Available data

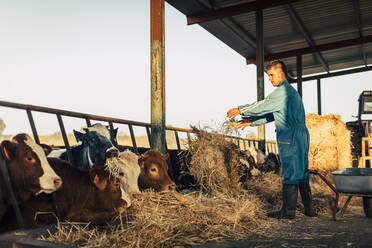 Young farmer wearing blue overall while feeding straw to calves on his farm - ACPF00705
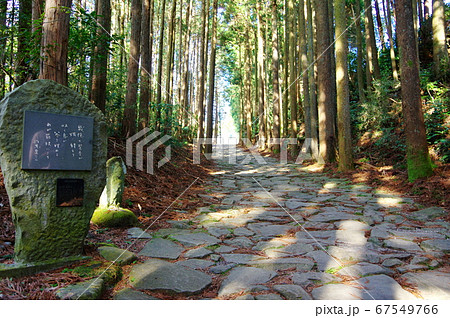 箱根旧街道の石畳(静岡県三島市) 箱根旧街道の石畳(静岡県三島市) 67549766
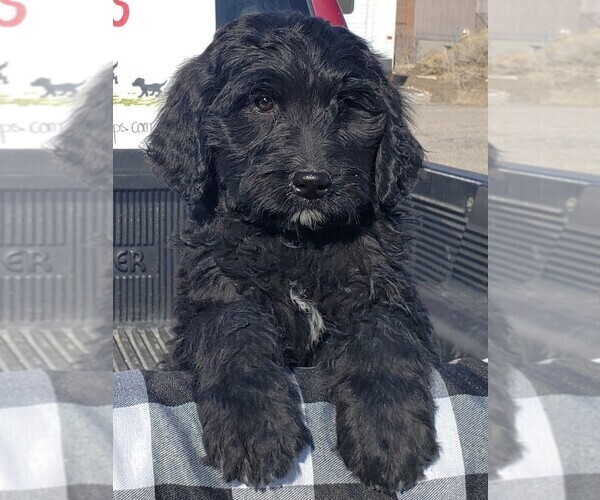 Medium Photo #26 Bernedoodle Puppy For Sale in GRANTSVILLE, UT, USA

Problem
Output all of the data exactly as it stands, minus any images.

Answer for the task
 Young farmer wearing blue overall while feeding straw to calves on his farm - ACPF00705
 箱根旧街道の石畳(静岡県三島市) 箱根旧街道の石畳(静岡県三島市) 67549766
 Medium Photo #26 Bernedoodle Puppy For Sale in GRANTSVILLE, UT, USA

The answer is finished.